How does a family guarantee work?

Learn how a family guarantee home loan works, who can act as a guarantor, and what it means for your deposit. A simple guide for Australians buying a home with help from family.

A family guarantee home loan lets a close relative, usually a parent, use equity in their property as extra security for your loan. This can help you buy a home sooner, potentially avoid Lenders Mortgage Insurance (LMI), and buy a property with a smaller deposit.

Family guarantees are one way some first home buyers bridge the deposit gap without waiting years to save a 20% deposit.

What is a family guarantee home loan?

A family guarantee home loan is a mortgage where a guarantor, typically a parent, pledges equity in their own property as additional security. The guarantor does not hand over cash or go on the property title.

Instead, the lender uses the guarantor’s property to reduce the loan-to-value ratio (LVR). This may reduce the lender’s risk and, depending on the lender’s criteria, may allow the borrower to buy with a smaller deposit.  

Who can be a guarantor?

Some lenders may also require the guarantor to be an immediate family member. Eligible guarantors typically include:

  • Parents - a common type of guarantor for first home buyers
  • Siblings - accepted by some lenders
  • Grandparents - accepted by some lenders, though age limits may apply
  • Adult children (aged 18+) - accepted by some lenders

Guarantors generally need to be Australian citizens or permanent residents, own property with sufficient usable equity, and have a stable financial position. Some lenders may require the guarantor to seek independent legal advice before signing.

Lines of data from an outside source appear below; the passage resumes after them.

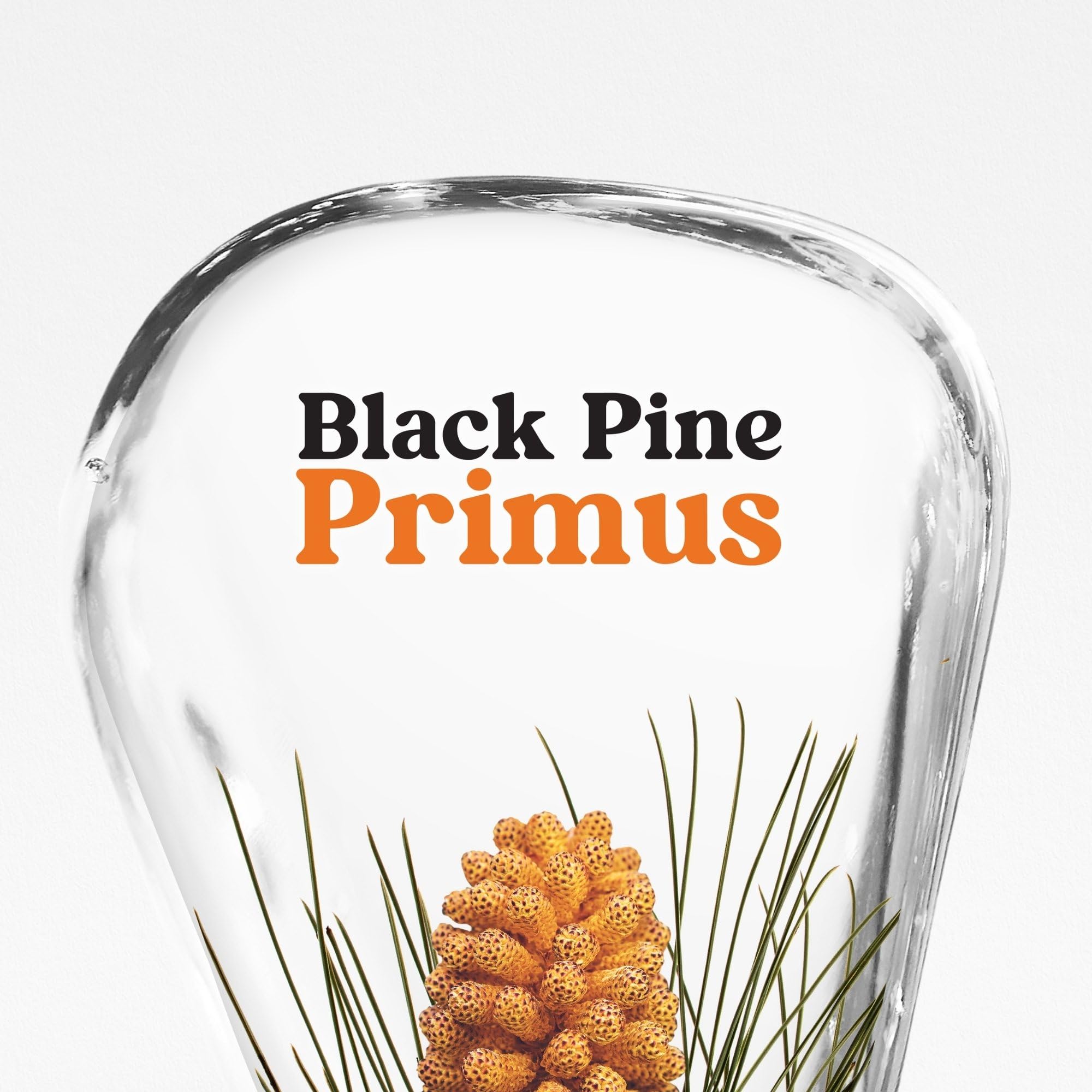 KORRES BLACK PINE PRIMUS crema notte rinnovatrice contro le rughe, per una pelle più tonica durante la notte, senza siliconi e parabeni, vegan, 40 ml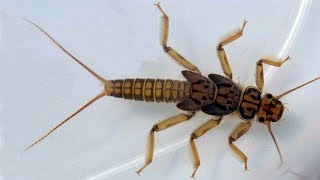 :   " "    . Stonefly Nymph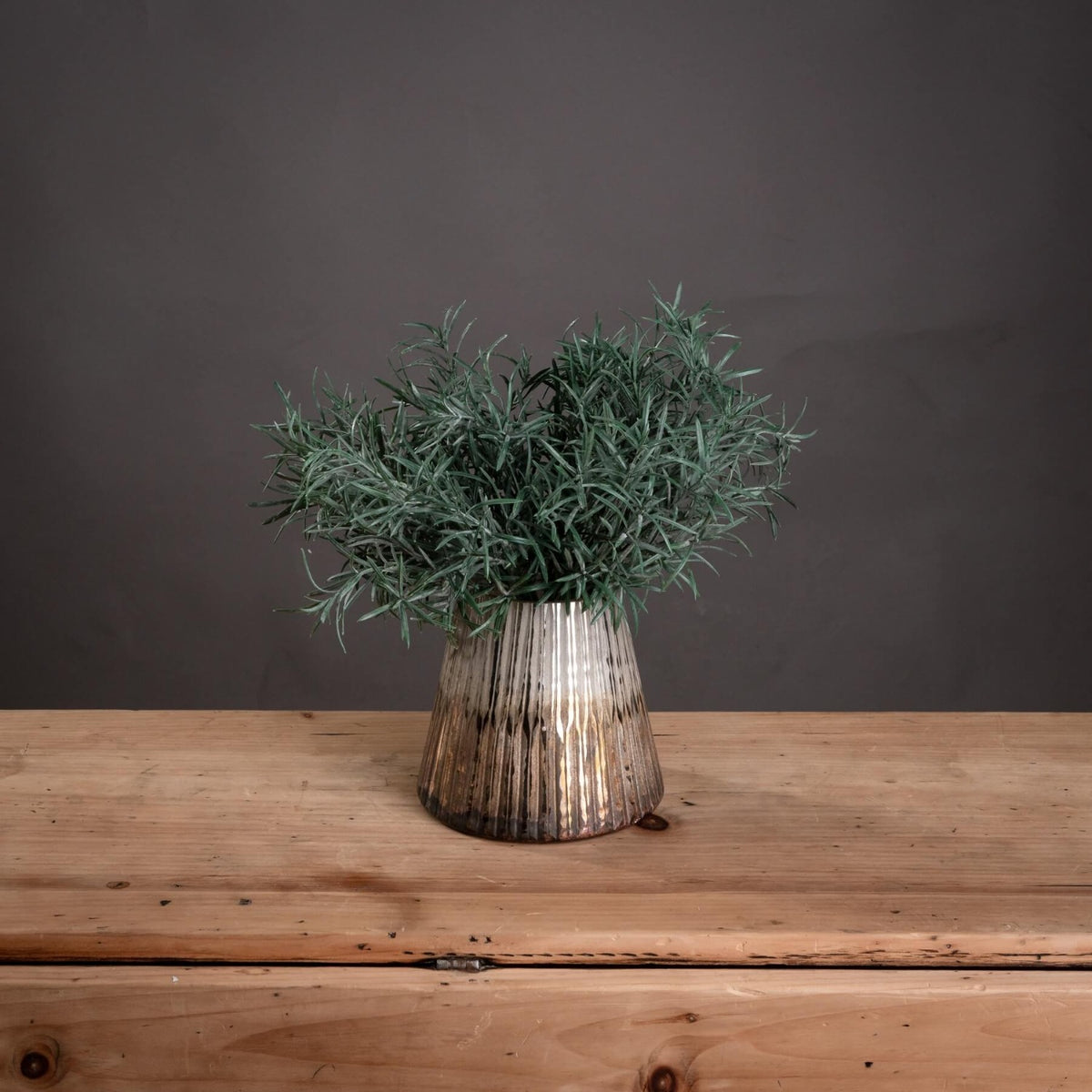 3 x Rosemary Bush Filler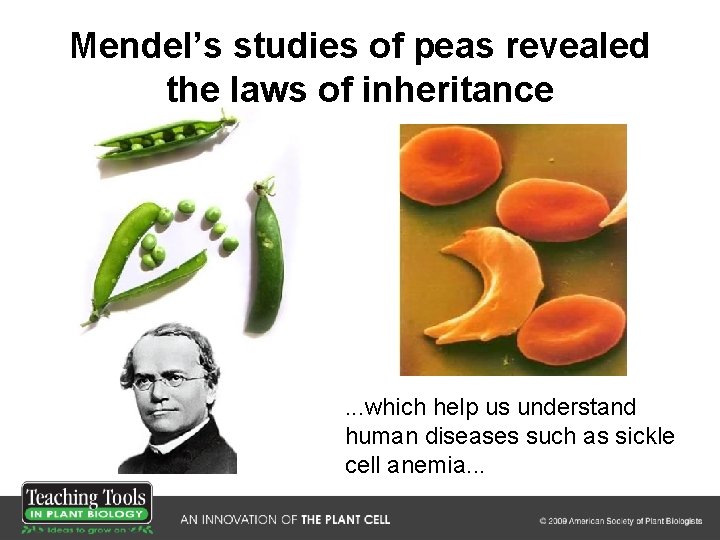 Mendel’s studies of peas revealed the laws of inheritance . . . which help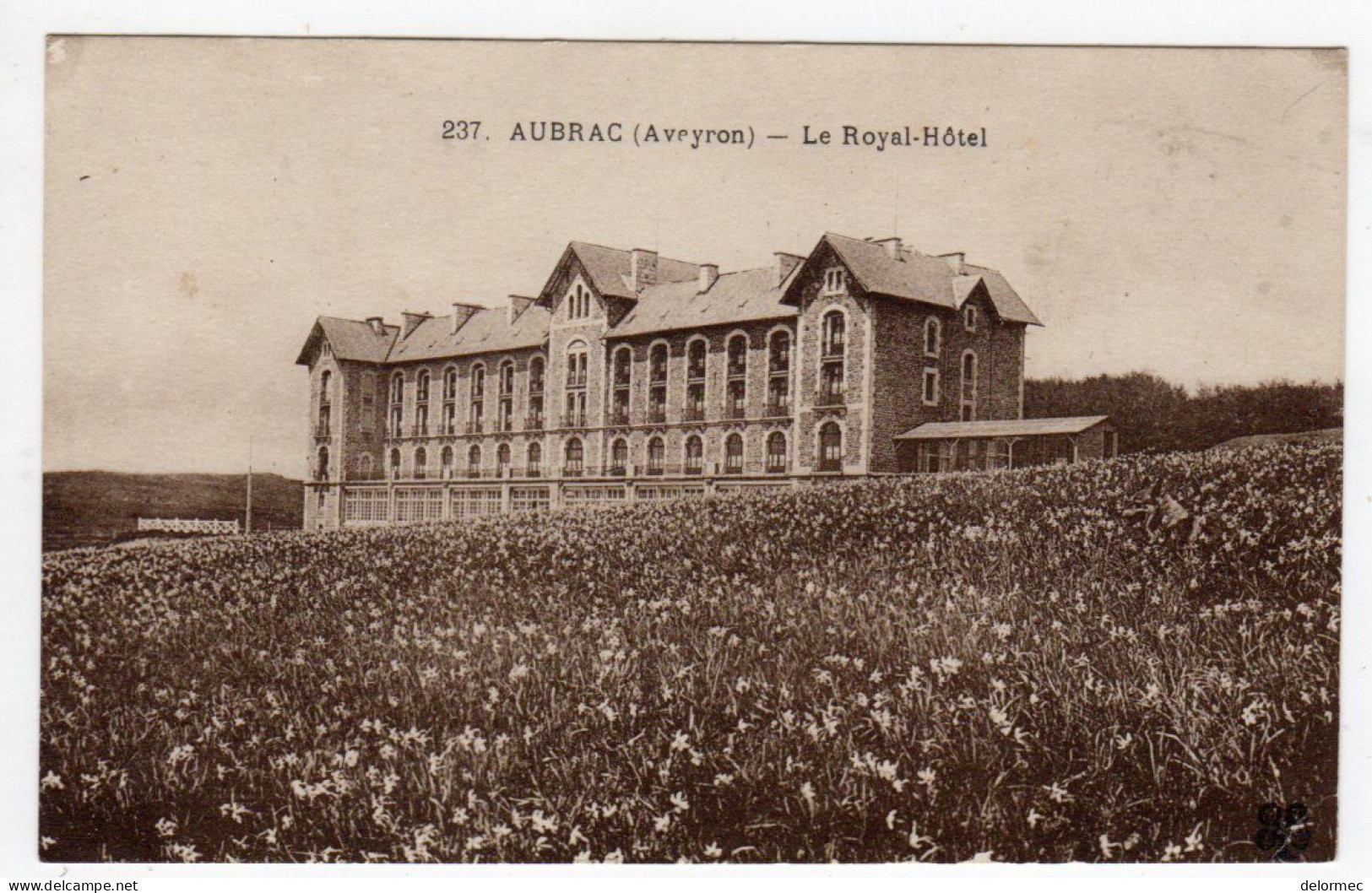 CPA Aubrac Près Laguiole 12 Aveyron Le Royal Hôtel Champ De Jonquilles Non écrite - Laguiole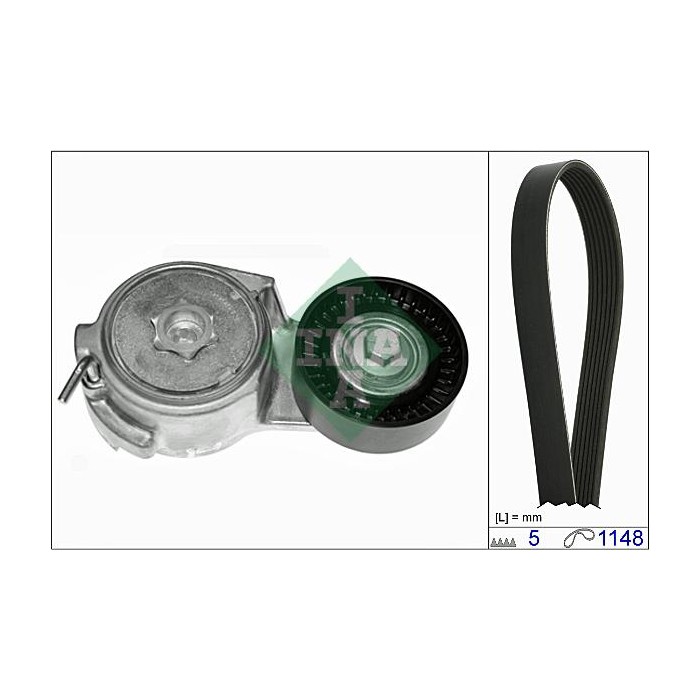 INA Keilrippenriemensatz 529001310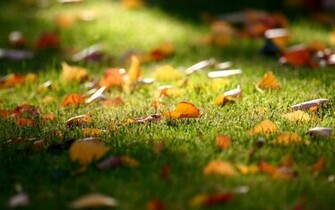 Fall Wallpaper Falling Leaves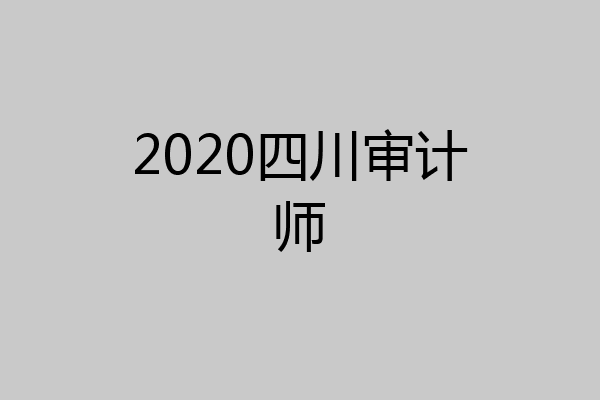 2020四川审计师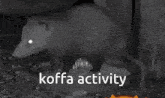 Koffa Possum GIF - Koffa Possum Opossum GIFs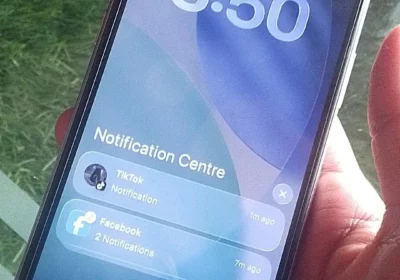 29f60971-13af-4b2a-8fbc-104d521f1a8b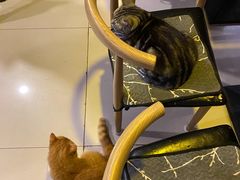 -平行世界·猫咖(首经贸店)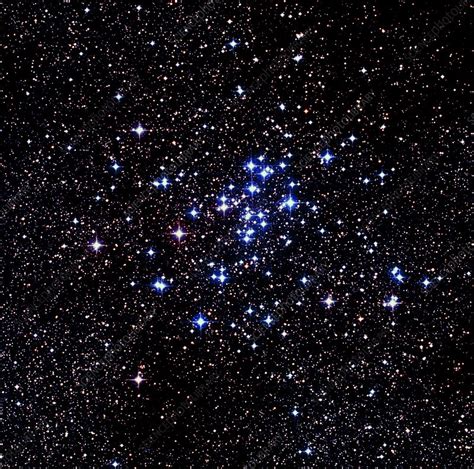 optical image   open star cluster ngc  stock image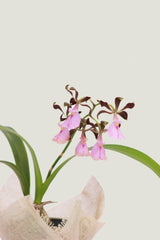 Encyclia Cordigera Orquídea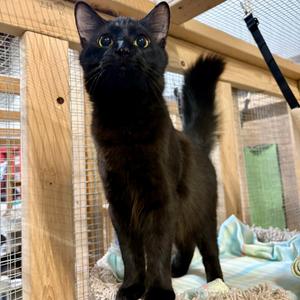 Elrond, young, available for adoption
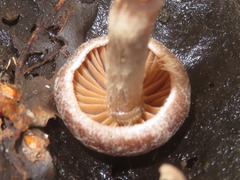 Cortinarius hemitrichus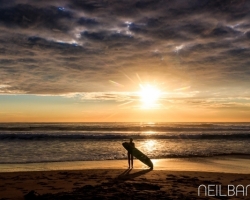 Dee Why Longboarder watching the Sunrise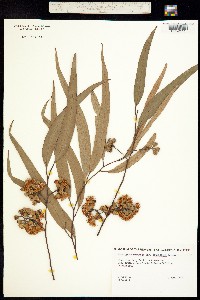 Image of Eucalyptus maculata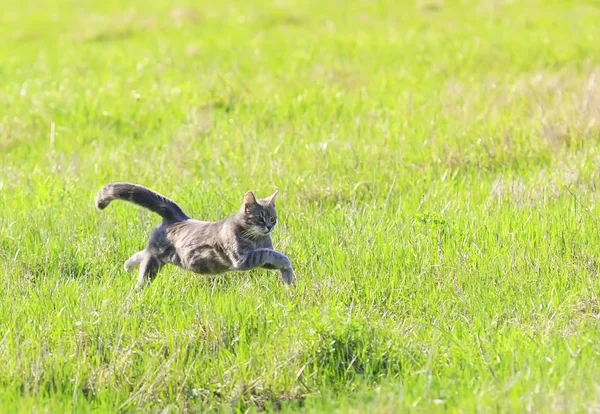 beautiful young cat rapidly running through green spring meadow with outstretched paws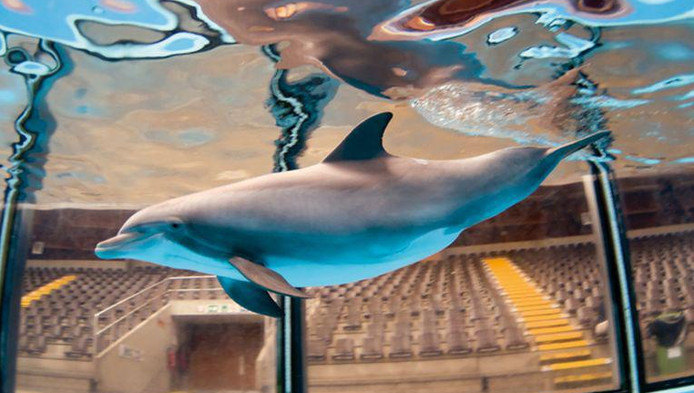Le Débat Est Ouvert Faut Il Bannir Les Parcs Animaliers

How does a family guarantee work?

A family guarantee works by linking the guarantor’s property equity to the borrower’s home loan as additional security. The guarantee typically covers only the portion above 80% LVR, not the full loan.

This means the lender treats the combined security (your property plus the guaranteed equity) as though you have a larger deposit. In some cases, this may reduce the effective LVR to 80% or below, which can reduce or remove the need for Lenders Mortgage Insurance (LMI), depending on the lender’s criteria.  

How can a family guarantee help you buy a home?

A family guarantee removes one of the biggest barriers to home ownership: the deposit. Here are the potential benefits:

  • Buy sooner with a smaller deposit - some lenders may allow borrowers to purchase with a smaller deposit instead of the standard 20%, which could take years to save
  • Potentially avoid Lenders Mortgage Insurance (LMI) - A guarantee that brings your effective LVR to 80% may reduce or remove this cost, depending on the lender and loan structure.
  • Access a larger loan amount - some lenders may allow guarantor borrowers to purchase with a smaller deposit, and in limited cases borrow up to the property value, depending on the lender’s criteria and loan structure

Please note that Unloan does not participate in government grants or assistance schemes.  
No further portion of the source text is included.